Good plans to move from fossil fuels are out there

The Charleston Gazette-Mail.

Oct. 22, 2021

Eric Engle

In the Oct. 21 edition of the Charleston Gazette-Mail, Rebecca McPhail, president of the West Virginia Manufacturers Association, wrote a rather condescending op-ed discussing how vital fossil fuels are to manufacturing and how largely unrealistic the demands of climate and environmental activists are nationwide.

I’m not surprised that the president of a trade association and lobbying group that often lobbies on behalf of fossil fuels interests in the state Legislature would write a piece like this, but let’s clear some things up.

McPhail stressed that “we need to hear a real plan” for a transition away from fossil fuels in the United States.
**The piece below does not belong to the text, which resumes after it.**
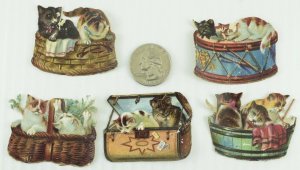 1880's Lovely Die Cut Cats Kittens in Baskets Drum Box Cards Lot of 5 PD103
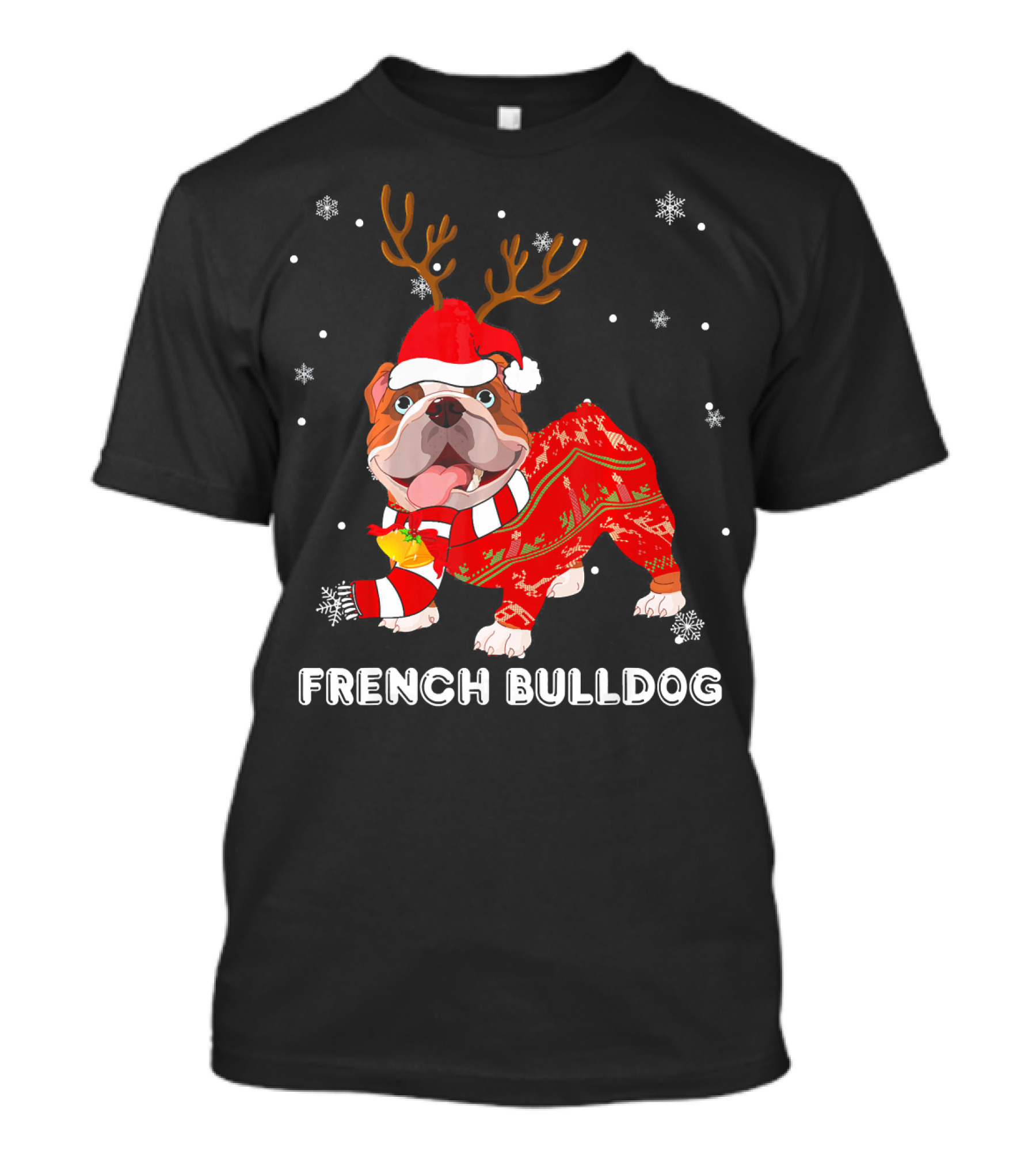 French Bulldog Santa Hat Reindeer Sweater Christmas Dog T-Shirt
There’s no shortage of detailed plans.

One such plan I highly recommend is by Mark Jacobson, professor of civil and environmental engineering at Stanford University and senior fellow of the Precourt Institute for Energy and Stanford Woods Institute for the Environment. Jacobson had a book published last year by Cambridge University Press titled “100% Clean, Renewable Energy and Storage for Everything.” The book is a 450-page study with a tremendous amount of information on exactly how our energy and manufacturing transition can work that is anything but pie in the sky.

Another great read on this is the book “Power after Carbon: Building a Clean, Resilient Grid,” by Peter Fox-Penner, director of Boston University’s Institute for Sustainable Energy and professor in BU’s Questrom School of Business. The book was released last year by Harvard University Press.

Taken together, these books represent 1,000 or more pages of reading, so I’ll end my reading recommendations there, but, suffice it to say, the details are readily available.

McPhail specifically targeted protesters with the People vs. Fossil Fuels movement who were in Washington, D.C., last week, stating, “Aside from the obvious questions about how the protesters got to D.C., probably with fuels, vehicles and on roads derived from coal, oil and gas, wearing clothes made from fossil fuel derivatives and eating food raised and transported in similar fashion, one wonders whether they understand what they are asking.”

This is a very popular trope used to silence those who oppose any kind of status quo. If you don’t like the existing systems and institutions, the so-called logic goes, you’d better reject them in their entirety immediately. “Love it or leave it!”

It’s nonsense. You can advocate for change while being beholden to the way things currently are and go.

McPhail asks, “Does the government intend to subsidize the construction of the [solar] panels, and the power they produce?” Let’s look at subsidies, shall we?

According to an analysis by the International Monetary Fund, the fossil fuel industry benefits from subsidies of $11 million every minute. To quote from an article in The Guardian, “The IMF found the production and burning of coal, oil and gas was subsidized by $5.9 trillion in 2020, with not a single country pricing all its fuels sufficiently to reflect their full supply and environmental costs.”

Should governments fund and subsidize renewable energy, energy efficiency, sustainable agriculture and development, and conservation? Yes. And governments should do so at the same time as they end fossil fuels subsidies.

That’s not just a climate activist’s perspective, either. The same Guardian piece quoted above states, “More than 600 global companies in the We Mean Business coalition, including Unilever, Ikea, Aviva, Siemens and Volvo cars, recently urged G20 leaders to end fossil fuels subsidies by 2025.”

Climate activists like myself fully understand that fossil fuels aren’t going away overnight. We fully understand that the transition away from them won’t be easy for many.

That’s why we have advocated, and continue to advocate, through initiatives and organizations like Reimagine Appalachia, for strong wage and salary, health, retirement and alternative career supports for coal communities, for example.

That’s why we support the Build Back Better reconciliation legislation that our state’s senior U.S. senator is hellbent on watering down and possibly even blocking.

That’s why we work tirelessly every legislative session against a Republican supermajority in this state that McPhail and others at the Manufacturers Association helped elect, which is fully committed to maintaining a dirty, uneconomical present, instead of investing in and developing a cleaner, more affordable future.

Eric Engle, of Parkersburg, is chairman of Mid-Ohio Valley Climate Action and a board member for the West Virginia Rivers Coalition.